Exploring linked NPIs & Open Payment IDs
The linkage of the NPIs to Open Payment IDs allowed me to work through the Prescriptions database to compare the mean brand-name prescribing rates of doctors who received and did not receive payments within the same specialty. Using an unequal variances t-test (Welch's t-test), I performed a statistical analysis on each specialty to see if payments affected the mean rate of brand name prescriptions being written. To ensure the data utilized for each specialty was sufficient to serve as an indicator of the population, I only analyzed specialties where there were at least 30 doctors in both the unpaid and paid groups. Through this analysis, I was able to find statistically significant results displaying that within the specialties of Family Medicine, Internal Medicine, and Opthalmology displaying that doctors in these specialties who received payments were writing brand-name prescriptions at higher rates than their colleagues who did not receive payments.
Search Function
Limitations
Correlation & Causation
It is important to note that this analysis is not all-encompassing and has many limitations which could significantly alter its results.
- Generic Alternatives
A factor that I was not able to account for was checking if there are any current generic alternatives for the name-brand drug a doctor prescribed. This is important as doctors who have to prescribe their patients' medications without any generic alternatives would naturally have higher brand name percentages compared to those with the choice to prescribe generic alternatives. - Medicare Part D
The prescription data was drastically limited to only a small subset of the entire American population. Since these prescriptions were mainly written for an older population and certain people with disabilities, it is unlikely to be indicative of the medications prescribed for the entire American population. Results may differ if the analysis was able to encompass data for all prescriptions written rather than just Medicare participants, however, brand-name versus generic prescription rates would likely remain constant. - NPI linkage
Since the focus of this study was on the doctors who received payments and had written Medicare Part D prescriptions, NPIs for doctors not appearing in the Medicare Part D Prescriptions dataset were not considered. Only doctors who were a part of the Medicare Part D dataset and had received payments were included in this analysis. - Confounding Factors
It's important to understand several other factors may have influenced doctors to write a greater or smaller number of brand-name prescriptions beyond those incorporated within this analysis.
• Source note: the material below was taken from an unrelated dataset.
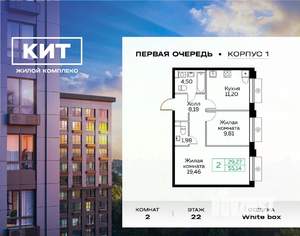 2-к квартира, сданный дом, 55м2, 22/25 этаж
Whether it be a doctor's patient base, location, drug recalls, or other external forces without more information it is hard to determine whether receiving payments truly affects the number of brand-name drugs a doctor prescribes. The findings simply show a correlation between the two but do NOT imply causation.
Future Plans
Work In Progress
- Adding More States
I would love to add more states beyond my home state of New Jersey to the search function. This would allow nearly the entire population to search and find their doctor. However, due to the limitations of the web hosting service regarding the amount of data necessary for the payments and prescriptions information, this will likely remain an offline feature. - Classification/Prediction Engine
With the preprocessing and connection of the datasets complete, a classification engine could be built to identify the doctors most influenced by payments. These doctors would be the ones who prescribe brand-name drugs at higher rates due to the payments they receive compared to the mean doctor in their specialty. This could also be taken a step further and turned into a prediction engine to determine which doctors not included in this study would fall into this category. On the flip side, this would also be useful for companies looking for doctors to target.